The swampy neighborhood, bad atmosphere, and malarial conditions must render this section of country unhealthy to a great degree for half the year; for as autumn comes on the daily supply of freshly-melted snow-water from the mountains will no longer purify the lagoons and bayous of the vicinity.
"A Dry Gulch" at Coloma, Sutter's Mills
May 2, 1850
Fever and ague is very prevalent now, and dysentery feared by all. Many of the farmers I find here tell me they are only working to get money enough to get back with, and that nothing would induce them to settle here. They have unfortunately not seen the lower part of the valley and what lies about Los Angeles and to the southward—that is the flower of California.
April 29th. Alas, is it for good or for bad luck, that I have just learned that Layton and myself cannot travel with safety across the country here, as below, on account of the ill-will of the Indians, and that a party of less than six will be unsafe up and across the middle fork of the American River. How stories of Indians are told to every traveller. Though often near them, I have never found any who were not greater cowards than myself, and we leave today for Sutter's Mills, Georgetown, etc., in good health and spirits.
May 4th. Coloma. "Sutter's Mills" is about fifty miles [distant], nearly east of Sacramento. The road to it after passing the first four or five miles runs through a sandy soil, covered at present with what we call "sneeze-weed." There is no water, until after leaving the river, American Fork, we crossed a pretty little "spring branch" as it would be called in Louisiana. The grass is sparse and poor along the whole route, and the face of nature looks like August in the eastern states, so completely that as the refreshing cool breezes come to us each morning, I almost fancy it is the first of September. But in the valleys and on the hillsides the heat is most oppressive, though, as in England, if you stand still for only a few moments in the shade, you soon feel chilled through.

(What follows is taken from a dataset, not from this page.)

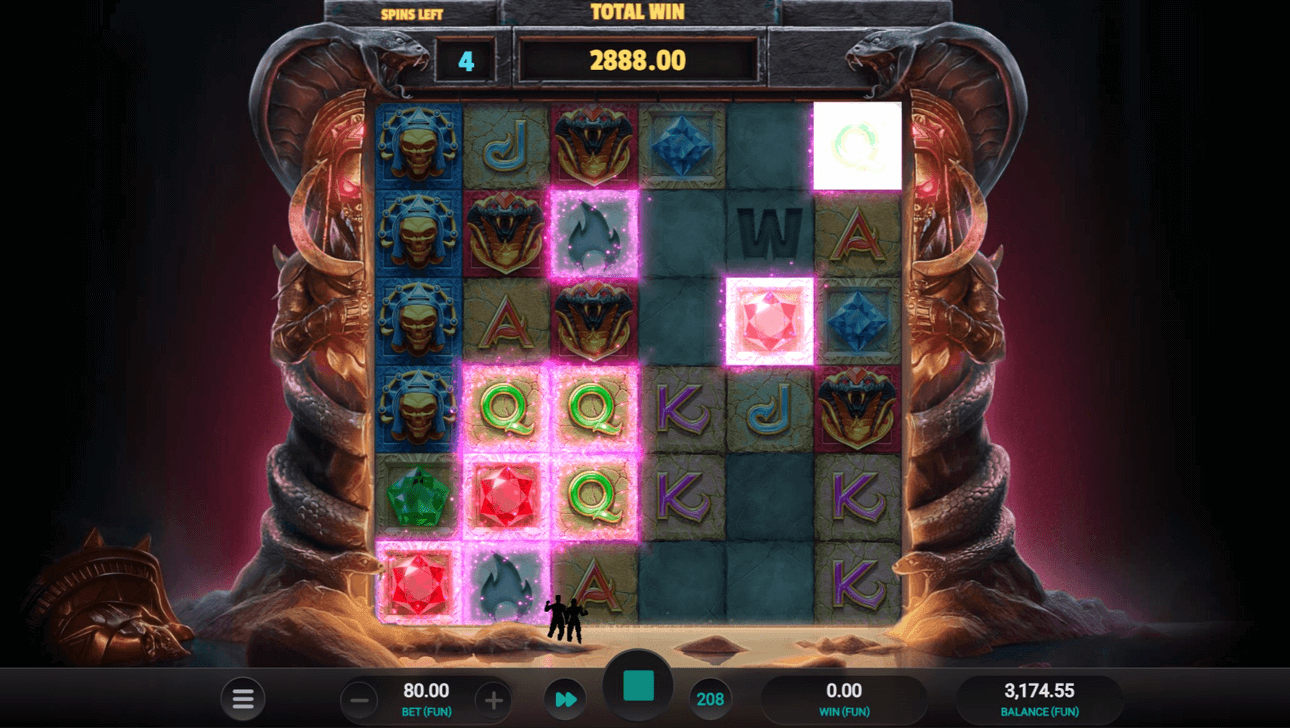 Temple Tumble 2 Dreamdrop free spins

The valley here is not as wide as at Stockton by at least twenty miles, and the grand masses of snow covered mountains seem almost within a day of you, whilst south you still have distance to give additional enchantment to the view. The oaks here are small, not more than from eighteen inches to two feet in diameter; if the soil in which they grew had any richness, I should say the whole forest was of forty years growth at most, but for the occasional presence of a grove of magnificent pines, from a hundred to nearly two hundred feet high. I have measured many at the angle on the ground and have proved it with rods so that I know I am very nearly correct in my statement.
May 6th. Crossing the river at Coloma, on a good bridge, we commenced our ascent of the long and in many places very steep hill. We found a start at dawn would have been much better than at ten, which it now was, as our poor mule "Riley" felt the heat greatly; but with occasional pauses up we went, passing wrecked wagons and broken pack-saddles in several of the narrow parts of the cañons that the road wound through. We were not sorry when we found we had reached the last hill and mounted it, hoping to be repaid by some distant view, but on no side could we see more than a few miles; and we journeyed on, wondering who would be[40] at the mushroom town, Coloma, renowned for being the place where gold was first found by the whites.
We were told that Captain Sutter had made a large fortune by digging gold with many of the Indians he had about him; how true the story is, of course, I cannot say.